Les secrets des tractations
Dans l’opposition sénégalaise, c’est un fait qu’il y a Pastef, PDS, Pur, Taxawu Senegaal et les autres. Pour ne pas se faire écraser, les partis plus faibles ruent dans les brancards pour dénoncer un diktat qui n’a pas encore livré tous ses secrets.
On en sait de plus en plus dans la coalition en gestation au sein de l’opposition. Et si tout se passe comme souhaité par les ténors de l’opposition sénégalaise, la majorité a bien du souci à se faire. Au-delà de la coalition XXXL qui a été annoncée par le leader moral du Pur, le marabout Serigne Moustapha Sy à Tivaouane et dont les déflagrations continuent de secouer plusieurs partis et groupements, des sources informent que la coalition est bien plus large. Le moins que l’on puisse dire c’est que, cette fois, les négociations commencent par le sommet, pour descendre peu à peu vers les petits.
Après qu’un coin du voile a été levé sur les partis qui vont être en quelque sorte la locomotive, en l’occurrence Pastef, PDS, Pur et Taxawu Senegaal, les langues commencent peu à peu à se délier.
Comme pour dire à Thierno Bocoum et Cie qu’ils vont trop vite en besogne, ce responsable de Taxawu Dakar informe : ‘’Jusqu’à présent, il n’y a eu aucune annonce officielle. C’est juste un des membres qui est sorti et qui a parlé. Ce qui est sûr, c’est qu’on est effectivement très avancé dans les discussions. Mais Elles se poursuivent et ne se limitent pas à quatre partis. Mais on ne peut exposer sur la place publique notre stratégie.’’
Déjà, confient des sources à ‘’EnQuête’’, au moment même où Thierno Bocoum s’insurgeait contre une démarche exclusive, d’autres personnalités de l’opposition sont embarquées dans le processus. Le moins que l’on puisse dire, c’est qu’il ne s’agit pas de n’importe qui. Parmi ceux-ci, il y a Aida Mbodj, Serigne Mansour Sy Diamil, Moustapha Guirassy, Cheikh Bamba Dièye… Et le jeune leader aux dents très longues, Dr Babacar Diop.

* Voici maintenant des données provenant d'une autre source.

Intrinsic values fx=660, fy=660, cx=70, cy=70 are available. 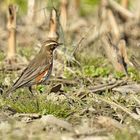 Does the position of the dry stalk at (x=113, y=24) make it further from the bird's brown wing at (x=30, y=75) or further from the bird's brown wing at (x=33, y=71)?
the bird's brown wing at (x=30, y=75)

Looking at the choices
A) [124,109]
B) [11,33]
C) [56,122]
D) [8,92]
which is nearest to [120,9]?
[11,33]

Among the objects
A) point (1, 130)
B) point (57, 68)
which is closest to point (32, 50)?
point (57, 68)

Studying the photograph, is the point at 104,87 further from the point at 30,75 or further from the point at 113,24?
the point at 113,24

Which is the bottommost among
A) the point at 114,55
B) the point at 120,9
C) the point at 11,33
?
the point at 114,55

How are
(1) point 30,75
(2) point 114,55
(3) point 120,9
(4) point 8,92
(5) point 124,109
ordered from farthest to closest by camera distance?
(3) point 120,9 < (2) point 114,55 < (1) point 30,75 < (4) point 8,92 < (5) point 124,109

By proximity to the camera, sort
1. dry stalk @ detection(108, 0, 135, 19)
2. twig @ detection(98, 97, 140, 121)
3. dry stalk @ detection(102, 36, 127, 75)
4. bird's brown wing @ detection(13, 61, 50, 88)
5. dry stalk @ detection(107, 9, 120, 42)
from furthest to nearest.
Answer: dry stalk @ detection(108, 0, 135, 19) < dry stalk @ detection(107, 9, 120, 42) < dry stalk @ detection(102, 36, 127, 75) < bird's brown wing @ detection(13, 61, 50, 88) < twig @ detection(98, 97, 140, 121)

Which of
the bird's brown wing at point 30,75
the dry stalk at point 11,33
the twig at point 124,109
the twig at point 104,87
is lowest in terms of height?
the twig at point 124,109

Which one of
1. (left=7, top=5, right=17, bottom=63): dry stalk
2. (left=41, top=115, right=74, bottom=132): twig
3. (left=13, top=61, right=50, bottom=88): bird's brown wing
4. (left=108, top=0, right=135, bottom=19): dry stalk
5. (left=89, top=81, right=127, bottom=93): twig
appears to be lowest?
(left=41, top=115, right=74, bottom=132): twig

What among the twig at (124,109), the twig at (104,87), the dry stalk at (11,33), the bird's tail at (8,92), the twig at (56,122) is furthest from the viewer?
the dry stalk at (11,33)

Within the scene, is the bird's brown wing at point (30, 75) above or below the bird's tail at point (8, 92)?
above

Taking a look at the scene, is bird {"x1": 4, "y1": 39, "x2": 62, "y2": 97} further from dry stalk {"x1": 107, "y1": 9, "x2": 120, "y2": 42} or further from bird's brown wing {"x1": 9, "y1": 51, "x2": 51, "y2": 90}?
dry stalk {"x1": 107, "y1": 9, "x2": 120, "y2": 42}

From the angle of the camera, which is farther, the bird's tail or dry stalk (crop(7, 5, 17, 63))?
dry stalk (crop(7, 5, 17, 63))

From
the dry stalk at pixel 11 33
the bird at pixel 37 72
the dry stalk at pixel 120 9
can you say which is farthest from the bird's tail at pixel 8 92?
the dry stalk at pixel 120 9

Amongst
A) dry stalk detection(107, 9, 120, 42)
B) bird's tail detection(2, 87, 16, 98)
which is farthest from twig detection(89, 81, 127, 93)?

D’ailleurs, selon les radars perspicaces, ce dernier était même en début de semaine au siège du Parti démocratique sénégalais, dans le cadre de ces tractations. Un de nos interlocuteurs témoigne : ‘’Le problème, en réalité, c’est qu’il y a beaucoup qui ne savent pas ce qui se passe ou qui veulent être dans le secret des dieux, qui prêchent le faux pour avoir le vrai. D’autres, parce qu’ils sont dans un rôle, se précipitent pour attaquer et porter des appréciations qui leur sont propres.’’
Une lutte de survie pour les partis lilliputiens
Ainsi, les choses se précisent. La plupart des noms qui sortent jusque-là du lot ont un poids ou base électorale qui n’est plus à discuter. Sauf peut-être Babacar Diop qui émerge de plus en plus parmi les jeunes leaders.
Mais pour les initiateurs de la coalition, l’objectif est de brasser très large. ‘’Il faut savoir que nous sommes toujours au stade des démarches. On ne peut pas déflorer le contenu de ces démarches’’, confie un interlocuteur. Est-ce à dire que rien n’est encore en place ? Il s’empresse de préciser : ‘’Je n’ai pas dit ça. D’ici peu, tout sera clair. Donnez-nous juste quelques jours.’’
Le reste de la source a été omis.